╭──

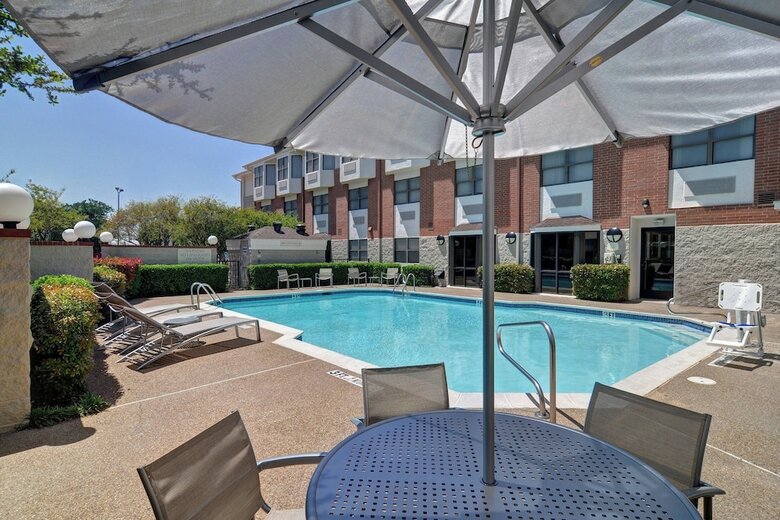 Hotel Springhill Suites By Marriott Dallas/stemmons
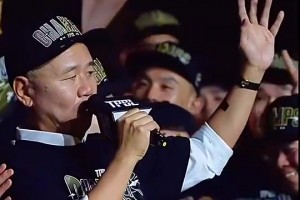 林~酥~豪！台妹此前如此干扰林书豪罚球，真佩服豪哥定力啊！🙊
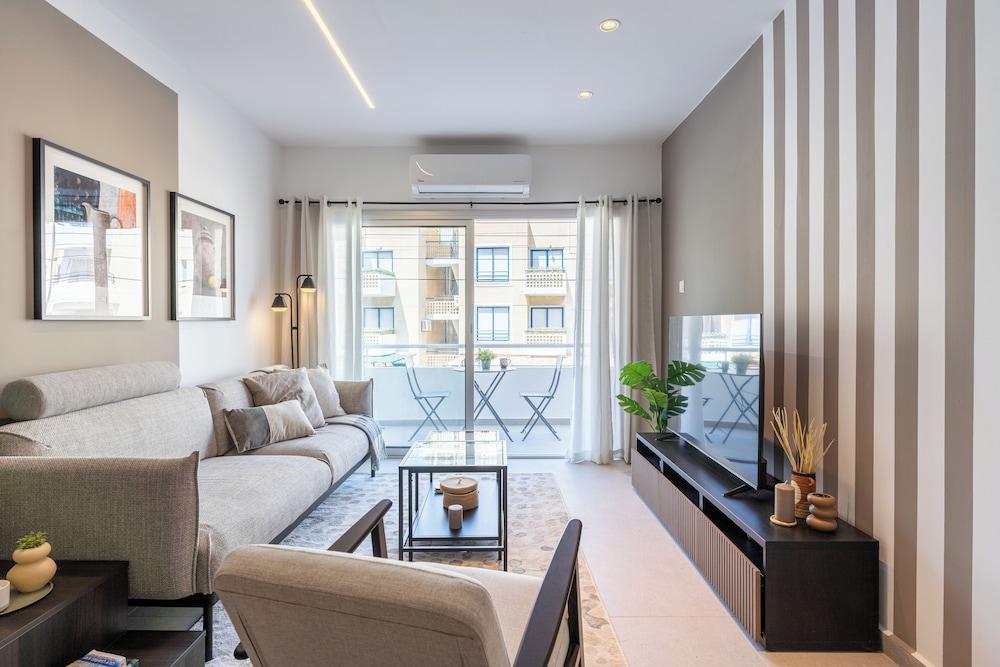 Hazel 2 Bedroom Apartment in Larnaca — 4-Star Luxury Hotel in Larnaca, Cyprus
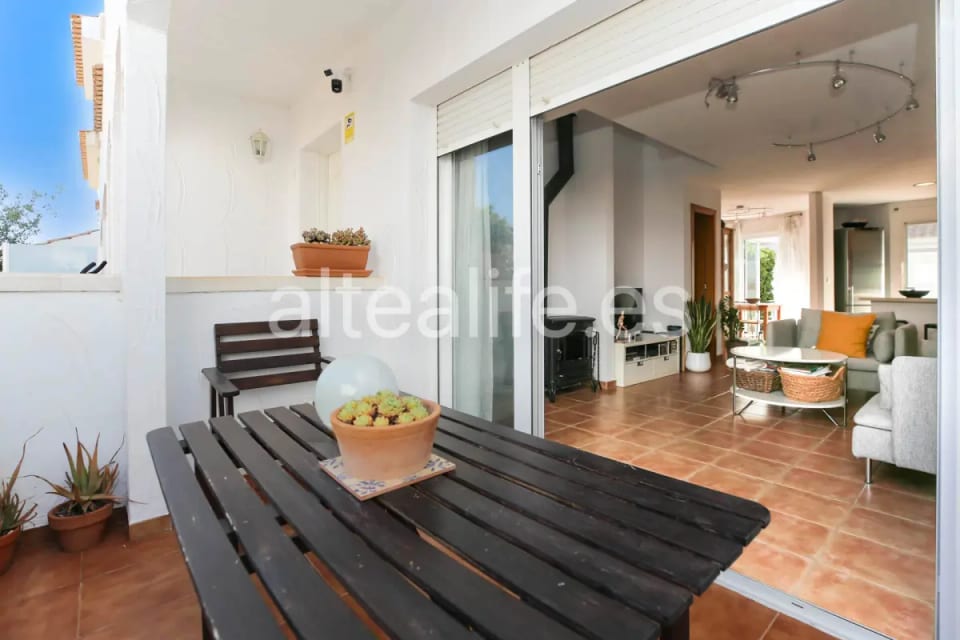 Bungalow en Esquina en Venta en La Nucía | Terrazas, Solárium y Piscina (8/30)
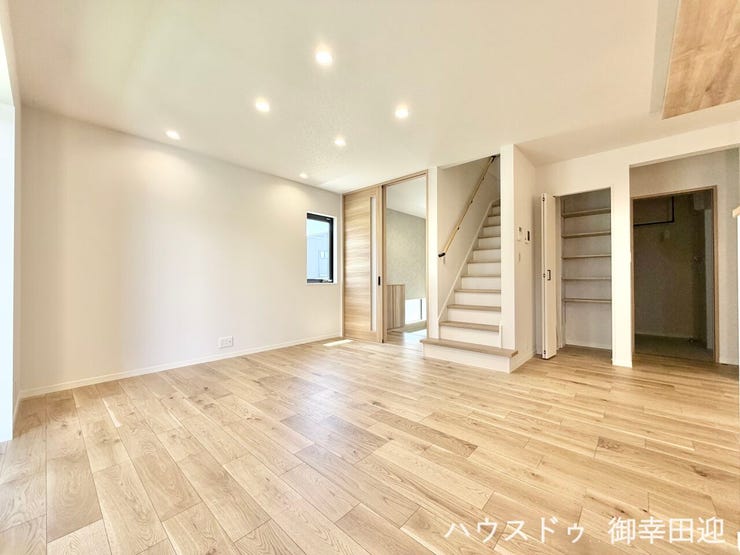 ■安らぎと笑顔の中心地■陽光が優しく降り注ぎ、会話が自然と弾む。ここでは、毎日が特別な時間へと変わります。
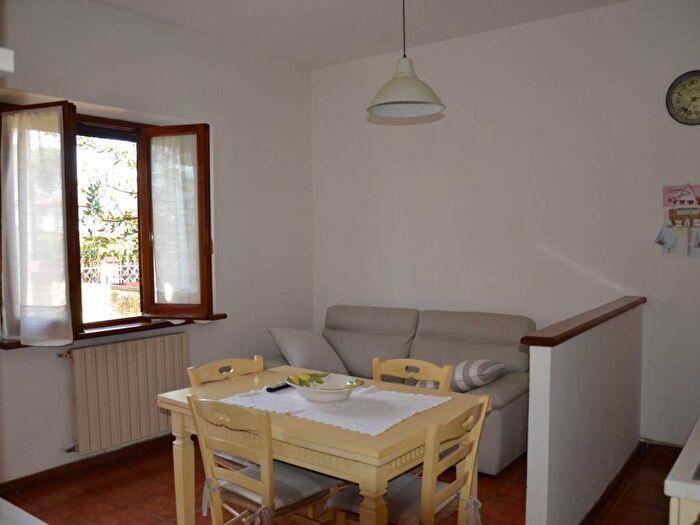 Appartamento trilocale in affitto in Via Isonzo, Pietrasanta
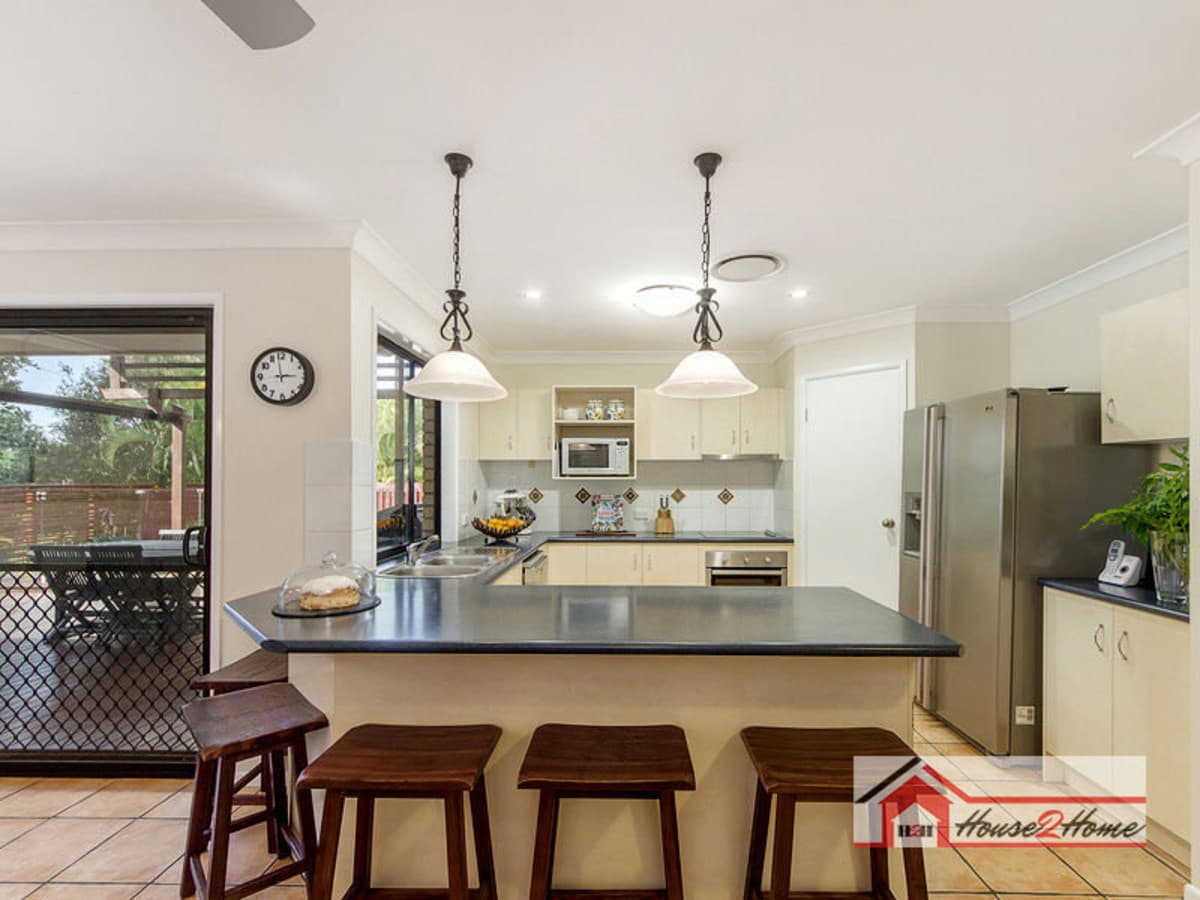 15 Catchlove Street, MAUDSLAND QLD 4210, Maudsland - Thumbnail 5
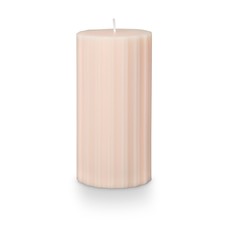 Illume Medium Fragranced Pillar Candle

╰──

YOUR INSTRUCTIONS: What is wanted is a word-for-word restatement of the entries, without their images.

RESPONSE TO THIS EXERCISE:
 Hotel Springhill Suites By Marriott Dallas/stemmons
 林~酥~豪！台妹此前如此干扰林书豪罚球，真佩服豪哥定力啊！🙊
 Hazel 2 Bedroom Apartment in Larnaca — 4-Star Luxury Hotel in Larnaca, Cyprus
 Bungalow en Esquina en Venta en La Nucía | Terrazas, Solárium y Piscina (8/30)
 ■安らぎと笑顔の中心地■陽光が優しく降り注ぎ、会話が自然と弾む。ここでは、毎日が特別な時間へと変わります。
 Appartamento trilocale in affitto in Via Isonzo, Pietrasanta
 15 Catchlove Street, MAUDSLAND QLD 4210, Maudsland - Thumbnail 5
 Illume Medium Fragranced Pillar Candle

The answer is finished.